I’ve found the original Planescape material very hard on a DM; it came across as “read, understand, and memorize these forty books” whereas with al-Qadim (al-Qadim is a problematic setting for other reasons, only complimenting the disposition here), it’s a super clean 40000 ft overview in the Land of Fate boxed set and you can then drill deeper into specific regions as you wish.
One thing that’s good about the OSR as opposed to TSR or WotC is the relentless focus on actual playability, like with something like Neverland or Hot Springs Island or Stonehell. It’s a game tool foremost, and only as an extremely distant second it’s an entertaining read. Whereas with a lot of the TSR/WotC/WW stuff it’s made for a dreaming reader with not as much an eye for practicality as I would’ve wanted.
Indies can have that same problem. Red Market comes to mind. It could’ve been “It’s our world but with these few specific differences. + here is the game system + economic system from which awesomeness will emerge”. Nope. Instead it’s hundreds of pages of alt-history that you need to read & internalize because it’s full of small details and the only source of truth for them is the prose.

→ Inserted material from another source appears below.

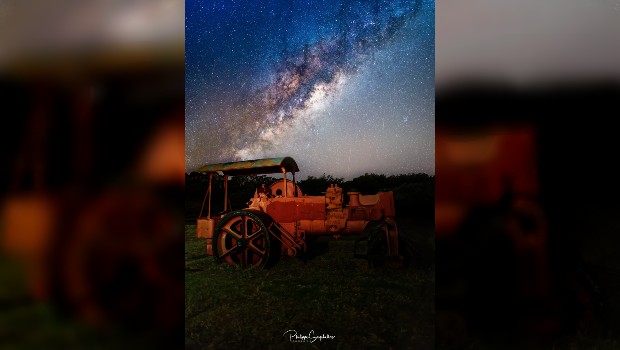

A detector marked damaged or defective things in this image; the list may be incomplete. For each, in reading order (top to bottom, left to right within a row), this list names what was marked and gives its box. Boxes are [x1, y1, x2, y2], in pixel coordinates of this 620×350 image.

That’s maybe what the core idea here is. If the only source of truth of something is a huge block of prose, that’s a problem. Apocalypse World lets the game world come through in the designs of the classes themselves. Something like the Castle Ravenloft portion of Curse of Strahd, or the pointcrawl part of Lost Mines of Phandelver, does it through encounter tables. So wonderful.
Whereas the original third-edition Eberron it’s such an awesome setting but since it’s designed in the prose format, if you wanna know that hobbits have dinos you’d better read the book as if it were a prose book because that’s the one way to learn that detail.
I found that Planescape for 2e came across that way, too. As a large amount of prose books.